Paling tidak, dampaknya bisa dilihat mulai tanggal 2 April, khususnya di TribunJatim.com dengan artikel berjudul Barang Elektronik Boleh Masuk Kabin Pesawat, Ini Penjelasan Angkasa Pura I Juanda Surabaya dimana tertera:
Angkasa Pura I Bandar Udara Internasional Juanda Surabaya menarik pernyataannya tentang penerapan larangan penumpang membawa barang elektronik ke kabin pesawat.
Selain itu, beberapa media juga telah memuat keterangan dari DirJen HubUd, Agus Santoso, bahwa tidak ada larangan barang elektronik di kabin pesawat. Selain itu, Agus Santoso menyampaikan bahwa:
“Kemenhub akan mengambil langkah hukum terkait dengan penyiaran informasi bohong melalui media sosial yang menyatakan bahwa Kemenhub melarang penumpang membawa laptop dan handphone ke pesawat,” ujar Agus, Minggu (2/4/2017) (TribunJatim)
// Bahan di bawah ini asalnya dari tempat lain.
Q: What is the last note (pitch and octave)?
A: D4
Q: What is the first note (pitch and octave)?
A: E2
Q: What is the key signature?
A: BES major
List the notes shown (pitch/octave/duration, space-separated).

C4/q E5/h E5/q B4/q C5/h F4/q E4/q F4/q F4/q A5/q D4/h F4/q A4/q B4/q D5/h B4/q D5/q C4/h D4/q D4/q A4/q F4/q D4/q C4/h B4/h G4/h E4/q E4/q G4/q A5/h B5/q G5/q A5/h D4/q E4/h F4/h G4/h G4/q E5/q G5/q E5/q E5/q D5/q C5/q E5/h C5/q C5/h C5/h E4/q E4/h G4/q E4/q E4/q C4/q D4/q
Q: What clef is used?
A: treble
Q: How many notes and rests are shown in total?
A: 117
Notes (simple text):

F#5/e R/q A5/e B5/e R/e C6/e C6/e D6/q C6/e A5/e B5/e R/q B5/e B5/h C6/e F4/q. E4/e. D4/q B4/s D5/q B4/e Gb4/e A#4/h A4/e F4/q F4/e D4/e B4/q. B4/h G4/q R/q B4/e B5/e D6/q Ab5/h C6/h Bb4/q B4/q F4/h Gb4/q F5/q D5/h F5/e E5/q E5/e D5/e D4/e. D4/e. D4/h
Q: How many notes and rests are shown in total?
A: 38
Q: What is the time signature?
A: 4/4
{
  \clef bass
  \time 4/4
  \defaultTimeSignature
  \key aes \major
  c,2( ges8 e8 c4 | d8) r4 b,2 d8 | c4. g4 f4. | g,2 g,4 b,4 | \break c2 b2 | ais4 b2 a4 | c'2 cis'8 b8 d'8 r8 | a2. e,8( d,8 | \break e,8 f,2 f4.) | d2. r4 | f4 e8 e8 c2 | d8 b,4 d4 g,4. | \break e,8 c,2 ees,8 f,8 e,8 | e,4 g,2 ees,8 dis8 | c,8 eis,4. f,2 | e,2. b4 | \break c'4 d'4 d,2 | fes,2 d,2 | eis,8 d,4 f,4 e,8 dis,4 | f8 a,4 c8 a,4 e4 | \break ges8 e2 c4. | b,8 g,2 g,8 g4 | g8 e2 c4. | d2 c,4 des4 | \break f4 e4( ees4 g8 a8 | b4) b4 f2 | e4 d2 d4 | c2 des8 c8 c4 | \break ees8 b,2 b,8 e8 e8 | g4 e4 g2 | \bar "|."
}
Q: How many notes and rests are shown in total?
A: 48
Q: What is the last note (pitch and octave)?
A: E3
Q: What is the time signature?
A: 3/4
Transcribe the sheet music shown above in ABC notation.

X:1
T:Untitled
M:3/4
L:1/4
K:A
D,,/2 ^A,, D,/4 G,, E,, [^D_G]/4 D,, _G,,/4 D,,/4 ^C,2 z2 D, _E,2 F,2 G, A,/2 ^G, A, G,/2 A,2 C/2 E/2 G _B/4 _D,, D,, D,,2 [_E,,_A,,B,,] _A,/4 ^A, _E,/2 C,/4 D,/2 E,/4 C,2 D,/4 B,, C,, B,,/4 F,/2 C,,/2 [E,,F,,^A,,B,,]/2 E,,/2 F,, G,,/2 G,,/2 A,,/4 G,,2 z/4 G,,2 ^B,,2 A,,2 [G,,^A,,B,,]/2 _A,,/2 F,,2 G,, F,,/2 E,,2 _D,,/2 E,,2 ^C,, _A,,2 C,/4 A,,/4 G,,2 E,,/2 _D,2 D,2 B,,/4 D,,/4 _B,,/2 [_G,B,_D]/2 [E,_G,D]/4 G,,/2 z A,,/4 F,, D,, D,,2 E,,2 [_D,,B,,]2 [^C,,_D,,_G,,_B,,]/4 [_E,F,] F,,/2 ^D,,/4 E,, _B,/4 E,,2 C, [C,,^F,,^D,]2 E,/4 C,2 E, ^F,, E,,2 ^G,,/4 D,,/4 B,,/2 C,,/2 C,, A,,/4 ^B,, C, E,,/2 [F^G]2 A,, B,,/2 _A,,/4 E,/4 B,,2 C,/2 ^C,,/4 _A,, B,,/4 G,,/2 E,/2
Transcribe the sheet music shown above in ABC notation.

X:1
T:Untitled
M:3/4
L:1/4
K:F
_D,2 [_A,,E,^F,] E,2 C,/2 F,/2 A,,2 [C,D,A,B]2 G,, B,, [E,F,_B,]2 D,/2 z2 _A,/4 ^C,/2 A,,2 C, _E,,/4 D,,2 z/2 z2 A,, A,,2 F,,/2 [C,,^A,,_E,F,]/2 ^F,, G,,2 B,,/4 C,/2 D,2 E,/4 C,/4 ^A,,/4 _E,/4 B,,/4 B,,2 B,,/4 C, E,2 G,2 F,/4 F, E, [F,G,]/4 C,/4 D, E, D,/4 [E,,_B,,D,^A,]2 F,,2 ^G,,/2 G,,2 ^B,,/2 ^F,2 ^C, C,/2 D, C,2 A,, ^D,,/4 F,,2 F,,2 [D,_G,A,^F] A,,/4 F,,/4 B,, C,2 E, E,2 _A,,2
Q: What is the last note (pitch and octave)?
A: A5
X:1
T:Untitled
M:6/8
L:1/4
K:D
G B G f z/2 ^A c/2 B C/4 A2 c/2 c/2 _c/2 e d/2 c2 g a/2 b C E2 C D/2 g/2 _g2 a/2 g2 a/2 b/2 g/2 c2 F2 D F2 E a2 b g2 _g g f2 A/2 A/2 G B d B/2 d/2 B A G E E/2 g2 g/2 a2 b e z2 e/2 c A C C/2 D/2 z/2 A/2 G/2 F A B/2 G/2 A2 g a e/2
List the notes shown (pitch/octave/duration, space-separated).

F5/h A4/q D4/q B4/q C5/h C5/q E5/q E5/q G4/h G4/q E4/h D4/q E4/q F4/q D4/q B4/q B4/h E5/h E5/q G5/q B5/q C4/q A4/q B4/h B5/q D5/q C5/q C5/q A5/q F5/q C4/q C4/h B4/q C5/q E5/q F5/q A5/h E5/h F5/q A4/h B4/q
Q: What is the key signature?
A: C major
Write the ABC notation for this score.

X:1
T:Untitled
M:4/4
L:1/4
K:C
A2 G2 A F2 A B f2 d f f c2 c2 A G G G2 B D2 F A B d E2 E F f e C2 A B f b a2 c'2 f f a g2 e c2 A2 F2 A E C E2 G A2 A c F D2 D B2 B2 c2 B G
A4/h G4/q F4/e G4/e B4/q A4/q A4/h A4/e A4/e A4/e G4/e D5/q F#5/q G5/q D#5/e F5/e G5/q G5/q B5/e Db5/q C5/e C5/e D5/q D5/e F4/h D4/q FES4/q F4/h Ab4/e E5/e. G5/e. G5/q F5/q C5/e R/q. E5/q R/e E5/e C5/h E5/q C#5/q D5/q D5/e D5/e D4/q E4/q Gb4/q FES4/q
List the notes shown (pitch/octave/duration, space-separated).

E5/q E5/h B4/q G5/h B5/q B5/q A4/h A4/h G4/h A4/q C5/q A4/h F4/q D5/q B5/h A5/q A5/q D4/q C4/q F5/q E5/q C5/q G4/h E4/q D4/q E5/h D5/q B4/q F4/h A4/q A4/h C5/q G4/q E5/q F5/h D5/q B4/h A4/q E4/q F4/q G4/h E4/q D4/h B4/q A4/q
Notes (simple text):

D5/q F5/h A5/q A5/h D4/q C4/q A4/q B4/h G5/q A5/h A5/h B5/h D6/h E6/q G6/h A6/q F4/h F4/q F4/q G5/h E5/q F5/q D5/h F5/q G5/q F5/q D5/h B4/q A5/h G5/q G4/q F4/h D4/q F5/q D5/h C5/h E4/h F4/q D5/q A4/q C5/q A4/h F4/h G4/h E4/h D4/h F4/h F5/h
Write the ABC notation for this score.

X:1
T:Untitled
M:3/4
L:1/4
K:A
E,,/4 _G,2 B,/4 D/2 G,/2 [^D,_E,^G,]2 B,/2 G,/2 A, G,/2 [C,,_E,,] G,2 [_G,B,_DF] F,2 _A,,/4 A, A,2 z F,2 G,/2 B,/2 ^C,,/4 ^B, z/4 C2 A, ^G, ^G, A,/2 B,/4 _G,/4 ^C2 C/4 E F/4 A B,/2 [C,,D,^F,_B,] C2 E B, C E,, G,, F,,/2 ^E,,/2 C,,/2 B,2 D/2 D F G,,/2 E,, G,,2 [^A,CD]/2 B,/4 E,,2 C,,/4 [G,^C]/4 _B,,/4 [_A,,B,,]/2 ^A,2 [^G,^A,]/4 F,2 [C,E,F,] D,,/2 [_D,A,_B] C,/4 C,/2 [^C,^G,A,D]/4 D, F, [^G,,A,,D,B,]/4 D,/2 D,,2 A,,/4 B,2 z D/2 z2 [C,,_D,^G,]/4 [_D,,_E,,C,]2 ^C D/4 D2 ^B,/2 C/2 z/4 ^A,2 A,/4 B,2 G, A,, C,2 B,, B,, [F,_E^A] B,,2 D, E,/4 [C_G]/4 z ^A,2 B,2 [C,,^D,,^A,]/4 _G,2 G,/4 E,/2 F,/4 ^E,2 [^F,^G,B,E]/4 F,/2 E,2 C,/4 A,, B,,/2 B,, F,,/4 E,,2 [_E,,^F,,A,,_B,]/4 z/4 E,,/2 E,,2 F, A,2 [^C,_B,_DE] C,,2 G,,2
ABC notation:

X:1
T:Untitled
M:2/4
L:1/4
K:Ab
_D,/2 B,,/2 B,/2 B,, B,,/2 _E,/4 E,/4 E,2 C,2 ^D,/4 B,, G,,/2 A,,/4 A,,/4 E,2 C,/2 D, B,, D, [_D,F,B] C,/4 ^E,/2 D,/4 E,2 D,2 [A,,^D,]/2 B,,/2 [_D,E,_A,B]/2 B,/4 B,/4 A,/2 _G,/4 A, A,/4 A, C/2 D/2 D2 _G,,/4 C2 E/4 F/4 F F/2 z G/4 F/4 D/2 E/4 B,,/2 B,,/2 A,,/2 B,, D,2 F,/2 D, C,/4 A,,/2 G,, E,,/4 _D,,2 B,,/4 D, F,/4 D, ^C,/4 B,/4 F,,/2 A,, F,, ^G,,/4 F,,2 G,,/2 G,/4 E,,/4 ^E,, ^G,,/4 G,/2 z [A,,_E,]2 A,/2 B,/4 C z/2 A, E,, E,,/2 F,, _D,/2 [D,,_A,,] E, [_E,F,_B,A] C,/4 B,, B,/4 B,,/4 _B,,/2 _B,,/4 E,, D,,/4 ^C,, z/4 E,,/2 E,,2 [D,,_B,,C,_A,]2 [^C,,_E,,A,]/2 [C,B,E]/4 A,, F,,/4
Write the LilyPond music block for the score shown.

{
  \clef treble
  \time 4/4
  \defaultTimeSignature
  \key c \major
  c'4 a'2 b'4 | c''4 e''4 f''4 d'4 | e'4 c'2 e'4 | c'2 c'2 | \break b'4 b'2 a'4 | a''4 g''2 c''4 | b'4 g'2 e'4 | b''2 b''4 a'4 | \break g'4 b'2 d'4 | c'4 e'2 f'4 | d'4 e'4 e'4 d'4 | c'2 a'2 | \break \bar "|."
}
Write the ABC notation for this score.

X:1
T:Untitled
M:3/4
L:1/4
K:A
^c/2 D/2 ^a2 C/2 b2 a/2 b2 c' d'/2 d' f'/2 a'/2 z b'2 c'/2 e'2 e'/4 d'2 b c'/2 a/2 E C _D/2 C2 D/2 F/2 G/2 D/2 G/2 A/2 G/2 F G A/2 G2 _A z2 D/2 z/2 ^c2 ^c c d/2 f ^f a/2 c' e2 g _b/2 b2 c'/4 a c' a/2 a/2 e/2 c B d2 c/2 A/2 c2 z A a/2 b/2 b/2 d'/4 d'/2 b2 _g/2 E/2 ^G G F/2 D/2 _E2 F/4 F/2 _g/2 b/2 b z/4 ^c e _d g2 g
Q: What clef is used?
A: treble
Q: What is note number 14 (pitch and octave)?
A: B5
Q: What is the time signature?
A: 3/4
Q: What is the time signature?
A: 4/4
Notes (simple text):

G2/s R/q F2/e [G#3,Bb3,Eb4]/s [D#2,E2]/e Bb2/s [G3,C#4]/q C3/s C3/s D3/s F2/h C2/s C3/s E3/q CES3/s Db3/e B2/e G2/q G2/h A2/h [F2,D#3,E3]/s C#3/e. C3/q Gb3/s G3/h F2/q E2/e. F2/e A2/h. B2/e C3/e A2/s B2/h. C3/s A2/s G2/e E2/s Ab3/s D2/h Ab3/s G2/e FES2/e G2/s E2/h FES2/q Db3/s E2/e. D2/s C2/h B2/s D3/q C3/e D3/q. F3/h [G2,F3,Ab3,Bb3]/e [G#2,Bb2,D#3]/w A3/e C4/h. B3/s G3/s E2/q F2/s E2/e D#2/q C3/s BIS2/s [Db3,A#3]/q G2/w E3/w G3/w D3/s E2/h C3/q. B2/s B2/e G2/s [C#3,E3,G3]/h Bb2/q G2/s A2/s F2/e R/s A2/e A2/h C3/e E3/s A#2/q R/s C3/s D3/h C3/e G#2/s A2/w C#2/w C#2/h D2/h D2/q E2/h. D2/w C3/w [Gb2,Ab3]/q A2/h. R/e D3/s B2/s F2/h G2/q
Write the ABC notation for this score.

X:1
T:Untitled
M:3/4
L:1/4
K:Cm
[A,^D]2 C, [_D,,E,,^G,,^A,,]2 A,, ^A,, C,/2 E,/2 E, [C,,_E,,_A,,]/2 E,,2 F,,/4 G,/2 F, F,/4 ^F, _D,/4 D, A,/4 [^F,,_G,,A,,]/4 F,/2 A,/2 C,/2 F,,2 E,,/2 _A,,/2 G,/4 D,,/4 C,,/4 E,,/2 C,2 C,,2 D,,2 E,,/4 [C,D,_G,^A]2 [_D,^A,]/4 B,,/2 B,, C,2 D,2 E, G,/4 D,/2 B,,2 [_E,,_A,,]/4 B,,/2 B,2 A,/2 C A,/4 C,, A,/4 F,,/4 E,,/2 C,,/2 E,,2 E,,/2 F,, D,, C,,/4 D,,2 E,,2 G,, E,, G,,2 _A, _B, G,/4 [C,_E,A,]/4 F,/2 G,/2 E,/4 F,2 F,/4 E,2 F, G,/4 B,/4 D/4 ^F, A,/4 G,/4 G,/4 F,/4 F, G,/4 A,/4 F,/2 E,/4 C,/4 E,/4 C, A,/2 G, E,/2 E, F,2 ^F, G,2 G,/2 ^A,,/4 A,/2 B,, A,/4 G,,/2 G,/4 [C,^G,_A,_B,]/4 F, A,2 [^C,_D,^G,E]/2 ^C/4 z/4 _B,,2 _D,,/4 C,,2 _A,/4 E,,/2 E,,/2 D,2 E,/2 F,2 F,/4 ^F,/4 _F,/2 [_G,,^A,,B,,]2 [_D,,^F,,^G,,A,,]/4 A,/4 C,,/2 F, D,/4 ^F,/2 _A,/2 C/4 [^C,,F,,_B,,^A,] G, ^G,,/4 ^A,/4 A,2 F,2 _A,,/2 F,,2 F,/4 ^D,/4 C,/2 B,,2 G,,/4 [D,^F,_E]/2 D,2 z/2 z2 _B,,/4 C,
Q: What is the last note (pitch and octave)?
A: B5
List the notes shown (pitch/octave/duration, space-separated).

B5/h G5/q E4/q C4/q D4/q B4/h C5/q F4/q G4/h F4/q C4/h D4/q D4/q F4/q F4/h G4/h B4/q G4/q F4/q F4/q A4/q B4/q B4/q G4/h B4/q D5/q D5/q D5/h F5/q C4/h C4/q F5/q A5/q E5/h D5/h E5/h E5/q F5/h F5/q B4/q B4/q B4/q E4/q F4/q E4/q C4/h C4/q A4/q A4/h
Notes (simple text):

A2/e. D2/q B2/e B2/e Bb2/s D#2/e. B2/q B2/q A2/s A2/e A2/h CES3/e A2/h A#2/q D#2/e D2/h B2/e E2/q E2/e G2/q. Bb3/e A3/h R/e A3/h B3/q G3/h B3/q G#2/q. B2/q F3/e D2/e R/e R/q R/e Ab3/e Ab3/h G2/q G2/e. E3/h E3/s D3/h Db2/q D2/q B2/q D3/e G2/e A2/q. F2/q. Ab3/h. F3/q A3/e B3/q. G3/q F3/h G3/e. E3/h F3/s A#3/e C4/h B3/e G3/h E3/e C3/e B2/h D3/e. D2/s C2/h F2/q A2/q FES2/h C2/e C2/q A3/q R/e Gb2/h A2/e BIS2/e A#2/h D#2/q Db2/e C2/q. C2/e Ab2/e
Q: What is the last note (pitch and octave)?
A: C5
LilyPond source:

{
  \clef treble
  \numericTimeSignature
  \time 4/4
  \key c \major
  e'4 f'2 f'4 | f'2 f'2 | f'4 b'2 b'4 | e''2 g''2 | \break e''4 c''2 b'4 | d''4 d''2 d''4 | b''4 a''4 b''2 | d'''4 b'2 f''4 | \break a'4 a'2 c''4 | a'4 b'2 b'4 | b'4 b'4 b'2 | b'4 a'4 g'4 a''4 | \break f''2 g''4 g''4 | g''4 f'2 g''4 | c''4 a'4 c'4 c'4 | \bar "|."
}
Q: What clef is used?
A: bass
Saya sangat gembira mendengar bagian terakhir ini dan beberapa wartawan menghubungi saya di akhir hari Minggu (2 April) meminta tanggapan mengenai statement resmi ini, dimana di beberapa saya mengatakan bahwa saya sendiri bingung kok sampai segila ini informasi bohong ini menyebar dan dipercayai. Semoga kegilaan ini cukup hanya bertahan selama weekend April Mop ini dan tidak berkelanjutan.